Segment Start: SOURCE MATERIAL
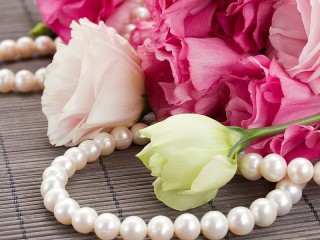 Слагалица «Pearls and flowers»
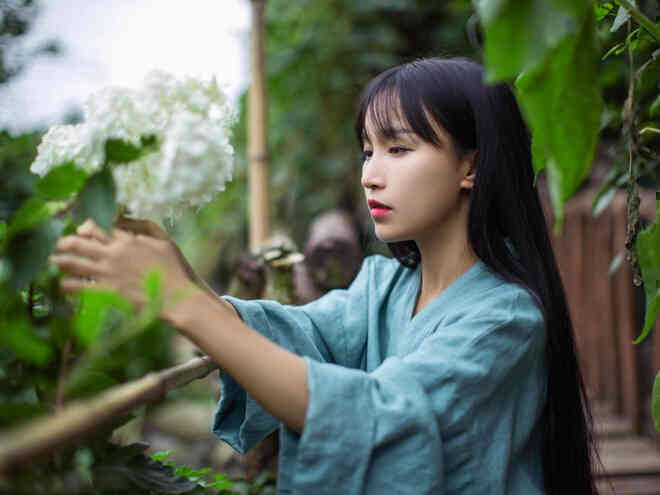 Lý Tử Thất đính chính chuyện ngừng ra video, tiết lộ phải nhờ cảnh sát vào cuộc vì bị tung tin đồn thất thiệt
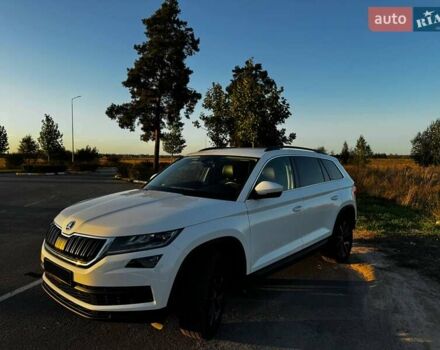 Белый Шкода Kodiaq, объемом двигателя 1.97 л и пробегом 61 тыс. км за 35500 $, фото 6 на Automoto.ua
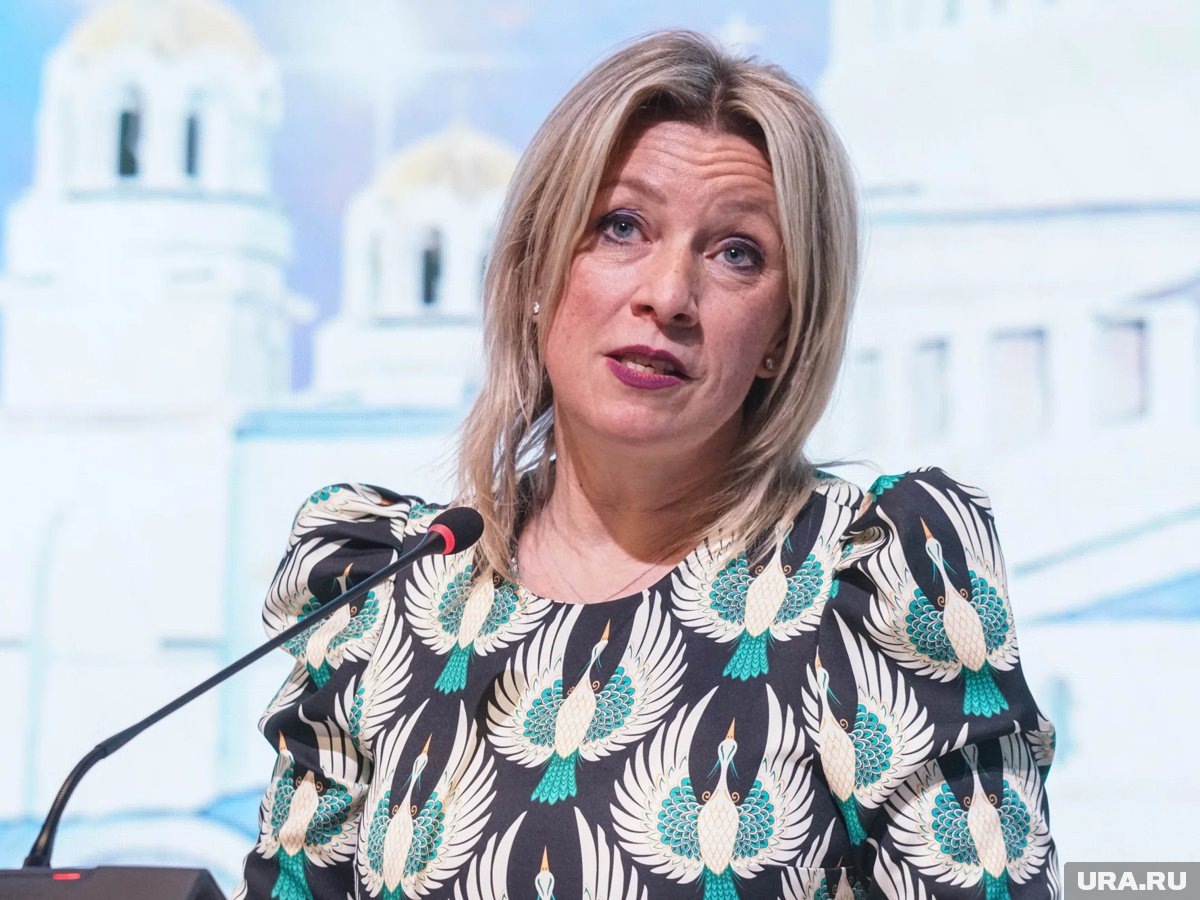     Захарова поставила под сомнения слова Зеленского о готовности к миру с РФ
Segment End: SOURCE MATERIAL
When an image appears in the data, skip it and output the rest exactly.

* RESPONSE FOR THIS EXERCISE *
 Слагалица «Pearls and flowers»
 Lý Tử Thất đính chính chuyện ngừng ra video, tiết lộ phải nhờ cảnh sát vào cuộc vì bị tung tin đồn thất thiệt
 Белый Шкода Kodiaq, объемом двигателя 1.97 л и пробегом 61 тыс. км за 35500 $, фото 6 на Automoto.ua
     Захарова поставила под сомнения слова Зеленского о готовности к миру с РФ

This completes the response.